# TASK DIRECTIONS:
Only the lines from the one with "某公众号付费文章：这辈子还能有出路么-创享网" through the end of the material are wanted, copied exactly and with the pictures left out.

# INFORMATION PROVIDED:
┄┄┄┄┄┄
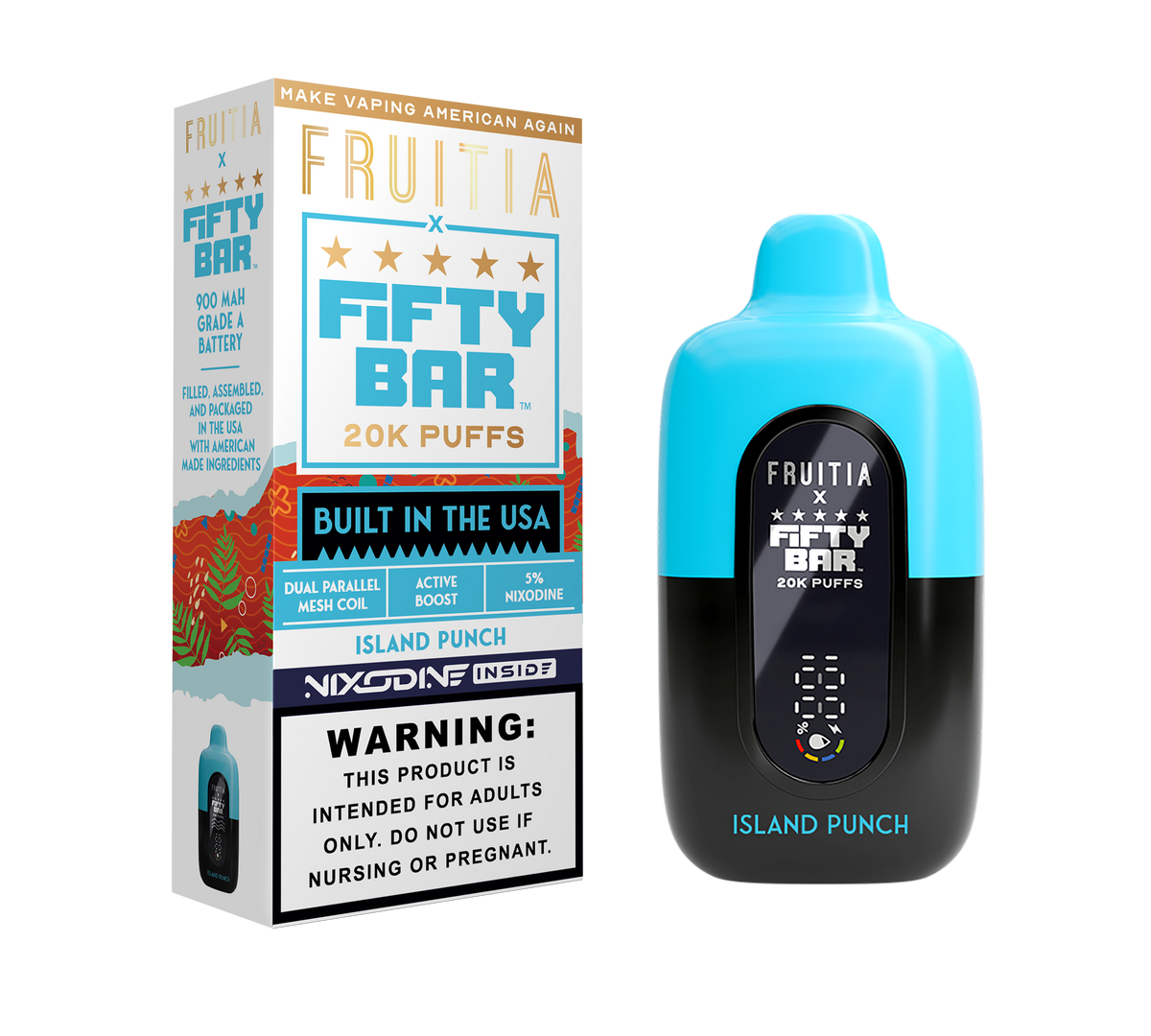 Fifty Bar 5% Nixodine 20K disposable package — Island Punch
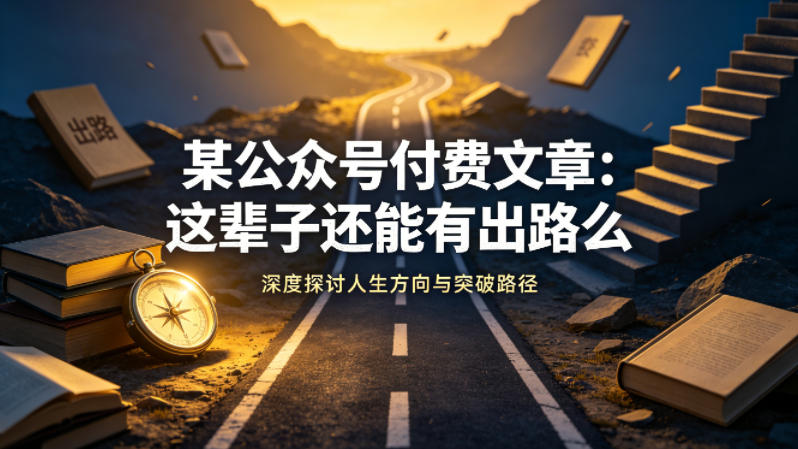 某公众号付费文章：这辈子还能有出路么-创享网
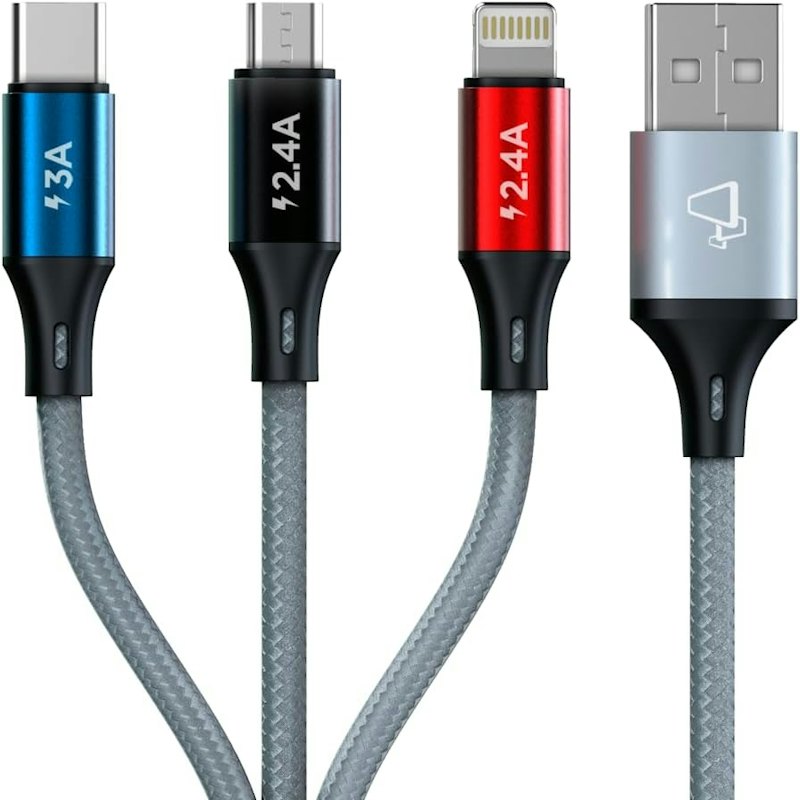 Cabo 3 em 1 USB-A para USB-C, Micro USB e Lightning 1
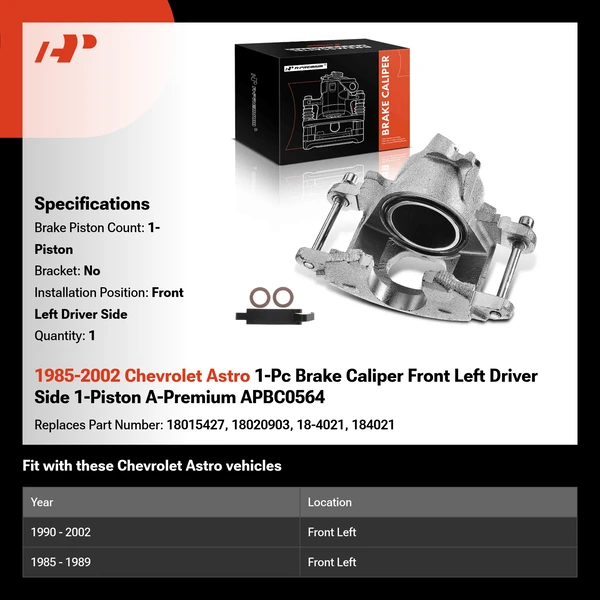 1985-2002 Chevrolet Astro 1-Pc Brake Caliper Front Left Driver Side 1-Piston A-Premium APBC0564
┄┄┄┄┄┄
# COMPLETED EXERCISE:
 某公众号付费文章：这辈子还能有出路么-创享网
 Cabo 3 em 1 USB-A para USB-C, Micro USB e Lightning 1
 1985-2002 Chevrolet Astro 1-Pc Brake Caliper Front Left Driver Side 1-Piston A-Premium APBC0564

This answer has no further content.